**SUPPLIED DATA:**
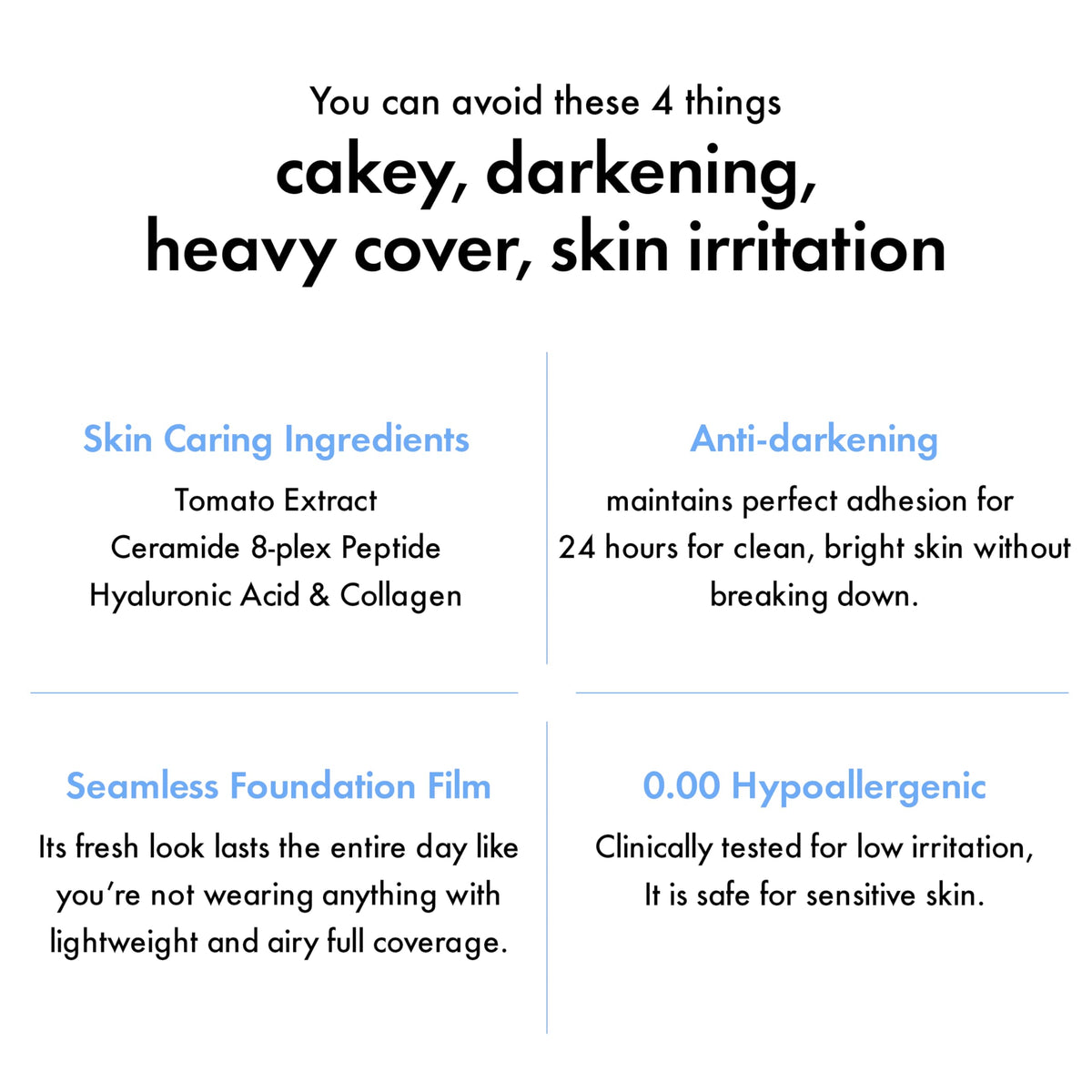 AMUSE SEOUL Ceramic Skin Perfector Cushion Foundation (02 HEALTHY) - Flawless Coverage, Semi Matte Glow, Long Lasting, Lightweight Satin Finish, Vegan, Korean Beauty Makeup (15g / 0.52oz.)
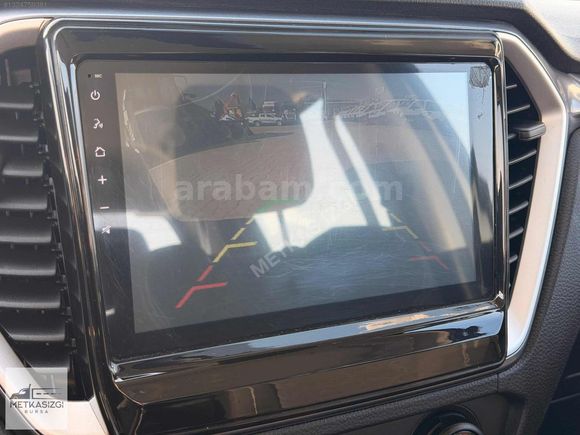 İZGİ'DEN 2024 MODEL 30 BİN KM'DE 1.9 ISUZU D'MAX 4X2 (MANUEL)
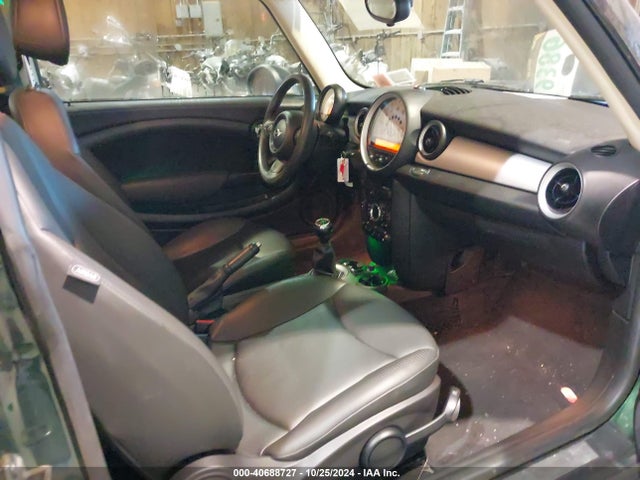 2013 MINI HARDTOP WMWSU3C5XDT375448 Photo 4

**WORK INSTRUCTION:** Would you please repeat the lines above exactly, from the first line of the listing through the line holding "İZGİ'DEN 2024 MODEL", with nothing added and no pictures?

**RESULT:**
 AMUSE SEOUL Ceramic Skin Perfector Cushion Foundation (02 HEALTHY) - Flawless Coverage, Semi Matte Glow, Long Lasting, Lightweight Satin Finish, Vegan, Korean Beauty Makeup (15g / 0.52oz.)
 İZGİ'DEN 2024 MODEL 30 BİN KM'DE 1.9 ISUZU D'MAX 4X2 (MANUEL)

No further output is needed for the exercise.